5. Composition of claim 1, wherein the water content of the composition is below 1 wt.-%, of the total weight of the composition and/or that the leucoindigo is in the range of between 0.1 and 30 wt.-% of the total weight of the composition.

6. Composition of claim 1, wherein the at least one reducing agent is in the range of between 0.1 and 20 wt.-% of the total weight of the composition.

7. Composition of claim 1, wherein the reducing agent is ascorbic acid, erythorbic acid, hydroxyacetone, sodium dithionite, sodium sulfite, sodium metabisulfite, sodium borohydride, sodium thiosulfate, a reducing sugar or a mixture thereof.

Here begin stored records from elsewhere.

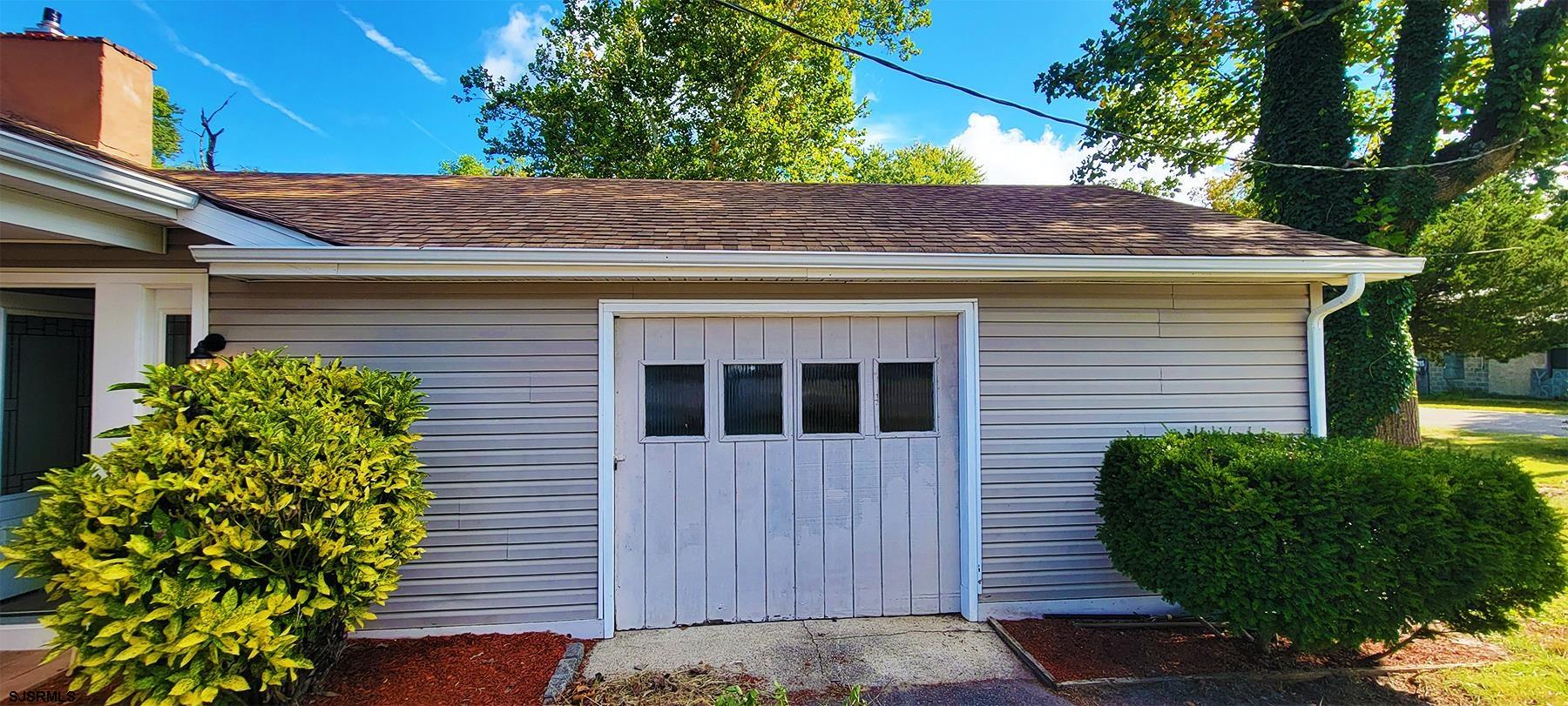 Egg Harbor City, New Jersey 08215, United States, 3 Bedrooms Bedrooms, ,2 BathroomsBathrooms,Residential,Active,206661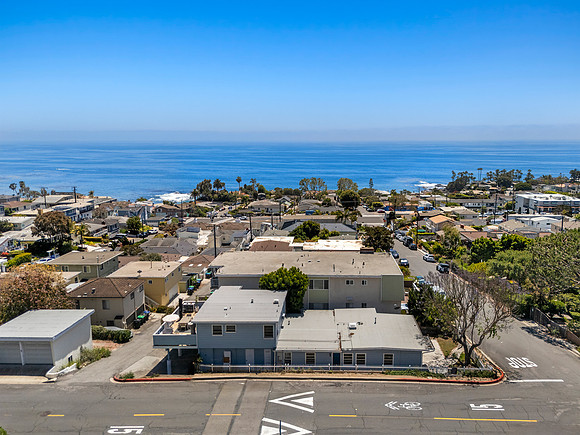 Aerial3Web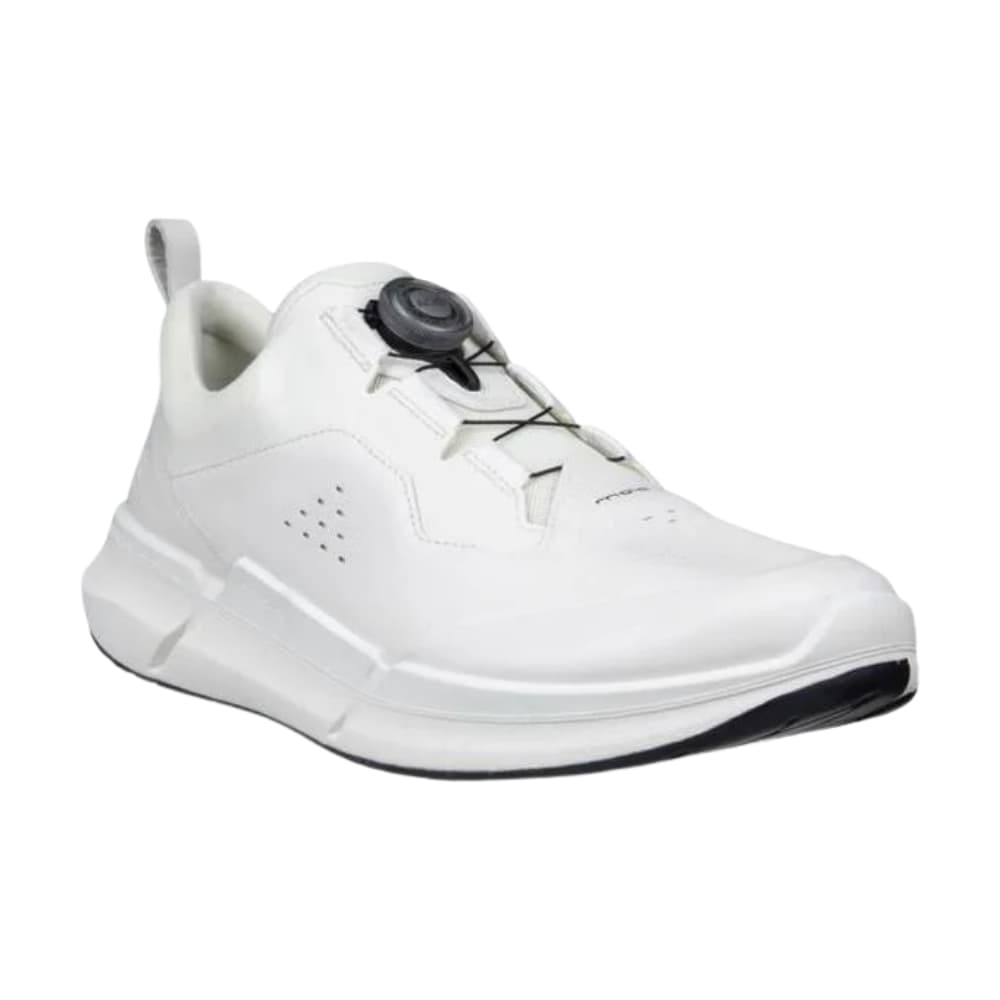 ECCO Men's biom 2.2 boa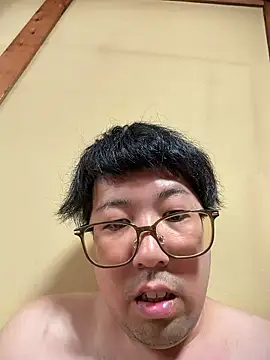 yoshida1234 online show from 06.05.26
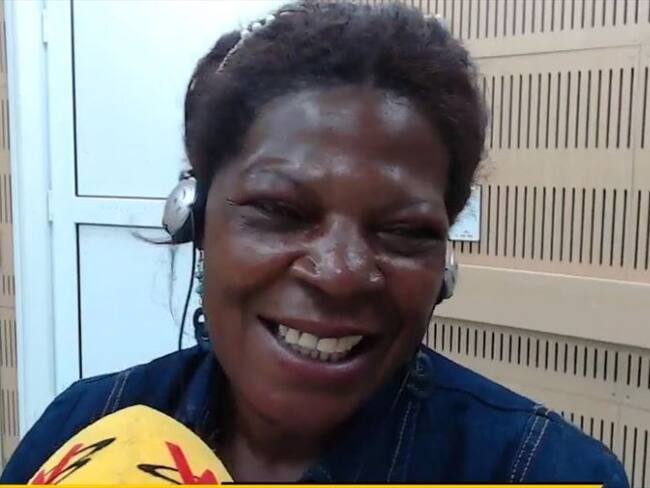 Erlín Rudy Solís. Foto: Captura de pantalla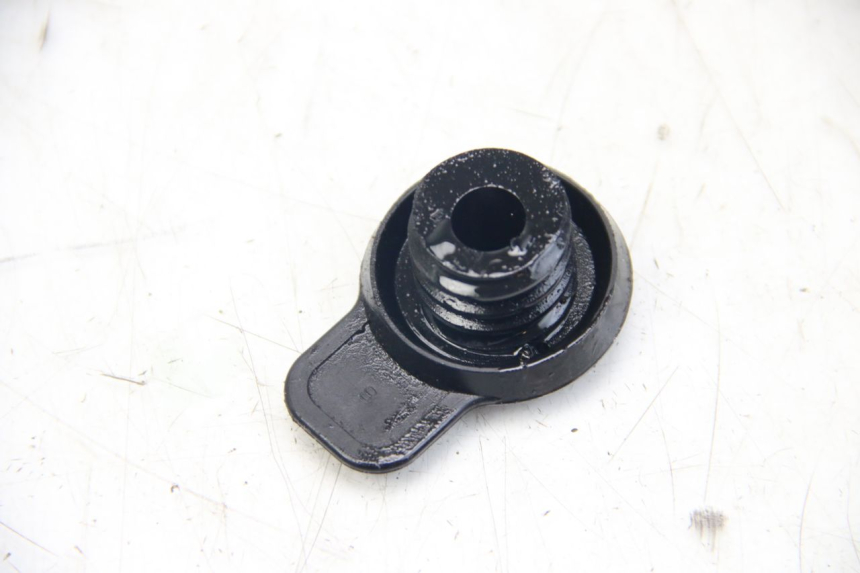 photo de OIL TANK CAP PGO BIG MAX 50 (2001 - 2009)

8. A method for obtaining a composition as according to claim 1, characterized by the steps of: a) addition of at least one base and at least one reducing agent to a suspension of indigo in at least one organic solvent and b) heating the suspension of indigo until the vatting is complete.

9. The method of claim 8, wherein the at least one base is added as an aqueous solution in step a) and/or that water is added to suspension of step a) and/or that the mixture is heated in step b) to temperatures in the range of between 50 and 110 C.

10. A colorant mixture for coloring fibers and fabrics comprising a composition of 1 as first constituent and at least one further composition as a second constituent, characterized in that the second constituent is an aqueous composition.

11. The mixture of claim 10, wherein the second constituent comprises at least one organic acid, inorganic acid and/or buffer and/or that the water content of the second constituent is at least 50 wt.-% of the second constituent and/or that the mass ratio of first constituent to the second constituent in the range of between 1:2 to 1:8.

12. The mixture of claim 11, wherein the concentration of the least one organic acid, inorganic acid and/or buffer ranges is in the range of between 0.1 to 25 wt.-% of the total weight of the second constituent.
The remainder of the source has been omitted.